Of course they weren’t saints then. They were two young hotheads. Overheated nationalists maybe. Fighting men with fighting words. Burn them up.

Hell

It was more extraordinary still if you had known James in Jerusalem when I met him. Feeding people, looking after people, but still direct. Never mind talking about it, do it. Sympathy and words don’t feed hungry people – give them food. That was James. So I suppose some of the old fire was still there, but by then it was for preserving people, not destroying them.

And of course John. John the gentle, the kind, the thoughtful. Hard to imagine him saying it, I know. But he did. James told me, and James wouldn’t have said anything about his brother that wasn’t true. They were very close.

You remember what happened. Jesus was going up to Jerusalem that last time, and He was going the short cut through Samaria, and needed some place to stay on the way. Now of course, the disciples said to him ‘Are you mad? There’s no way the Samaritans are going to take Jews into their houses and give them food or a bed for the night. Sure, they hate us as much as we hate them’.

But Jesus looked at them and said, ‘I don’t hate them. And it’ll never be made up if we keep avoiding one another. We have to take a chance, and give a chance, of making up. And you never know, they might see that we haven’t got two heads, and that we need food and drink, like anyone else. All we can do is try’.

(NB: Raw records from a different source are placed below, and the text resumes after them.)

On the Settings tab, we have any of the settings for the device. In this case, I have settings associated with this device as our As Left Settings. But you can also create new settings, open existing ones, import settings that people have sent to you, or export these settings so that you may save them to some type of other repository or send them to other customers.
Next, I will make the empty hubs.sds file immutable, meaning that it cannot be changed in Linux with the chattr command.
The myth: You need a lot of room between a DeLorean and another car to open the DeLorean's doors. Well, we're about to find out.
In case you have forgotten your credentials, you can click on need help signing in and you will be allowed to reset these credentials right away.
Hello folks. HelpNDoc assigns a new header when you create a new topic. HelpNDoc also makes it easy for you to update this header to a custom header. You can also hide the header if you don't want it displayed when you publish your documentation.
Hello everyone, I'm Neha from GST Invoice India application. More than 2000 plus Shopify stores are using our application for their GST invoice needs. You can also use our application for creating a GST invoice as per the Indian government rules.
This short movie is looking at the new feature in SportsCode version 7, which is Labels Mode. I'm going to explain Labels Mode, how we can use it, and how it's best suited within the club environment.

Well, as James told me, some of the disciples followed behind, muttering, ‘Trying you’ll be. You don’t know that crowd. God himself couldn’t talk to them’.

And as it turned out, they were right. The Samaritans showed them the door and gave them the road. And the disciples, who had been tense and wary when they came into the village, now stood opposite them, the two groups eyeing each other like two packs of unfriendly dogs, circling and waiting to attack. The disciples had expected to be insulted, and they were. The Samaritans told them where to go, and they were shouting after them, and it was then that James and John called to Jesus who was in front of them, ‘Lord, do you want us to call down fire from heaven and burn them up?’

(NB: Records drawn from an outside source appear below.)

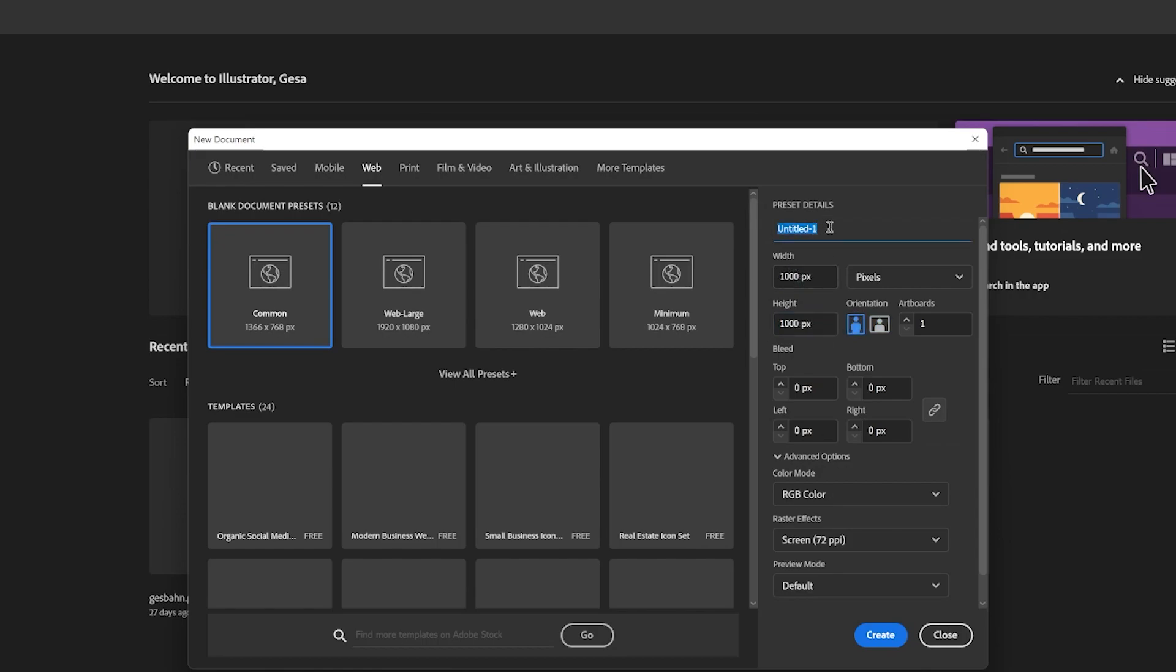And depending on how detailed your brush should be, you need to choose your tool accordingly.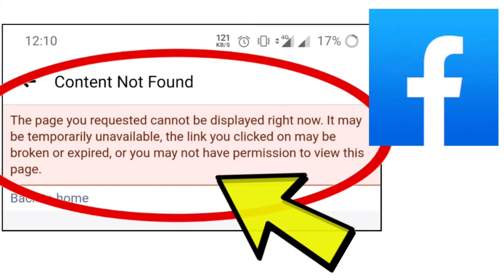Here are some steps you can take to fix the content not found error. The page you requested cannot be displayed right now. It may be temporarily unavailable, the link you clicked on may be broken or expired, or you may not have permission to view this page.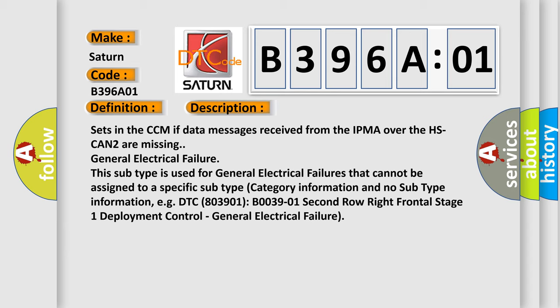This subtype is used for general electrical failures that cannot be assigned to a specific subtype. Subtype category: information and no subtype information. For example, DTC 803901 B003901 2nd row right frontal stage 1 deployment control, general electrical failure.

And Jesus turned round and looked at them. And all he said was, ‘Oh, John. Oh, James’.
And James told me that at that moment he felt terrible. It wasn’t that Jesus was angry with them. It was that he was sorry for them – that they would want to destroy any human being. It was the opposite of all he had ever taught them. And he said, ‘Come on, we’ll try somewhere else. We might have better luck in the next place’. He wasn’t mad with the Samaritans, and he wasn’t mad with the disciples. But James said he’d felt a huge sadness and weariness in Him with all the distrust and the ill-temper and the hate, between people who were neighbours, of the same race, living in the same country, speaking the same language, adoring the same God, and still hating and being hated. ‘I could blush to think of it now’, said James, ‘he saying ‘blessed are the peacemakers’ and we walking behind him saying, ‘kill them, burn them up’. Don’t you think that’s dreadful?’

And I said, ‘Oh James, you were young and rash.’

‘Thanks, Luke,’ he said, ‘but it’s not a good enough excuse. Write it down in your book. I’m ashamed of it, but maybe it’ll stop someone else hating, and let them see what tolerance and forgiveness is’.

So, I wrote it down, and it’s there for you to read, but how many people it’ll stop I don’t know. Isn’t hate a terrible thing? Burn them up. God keep it from happening to any Jew, or Samaritan, or any of us.

Dear Father, Forgive me for the times I’ve responded to others with anger and hate, instead of with peace and love.

Amen

One Response to Burn Them Up!

  1. February 2, 2009 #

    As always, this is a beautiful post, Jackie. Such an important reminder to us all.

    Sometimes, we just REACT instead of taking our time, gathering our wits about us, and ACTing the way God wants us to.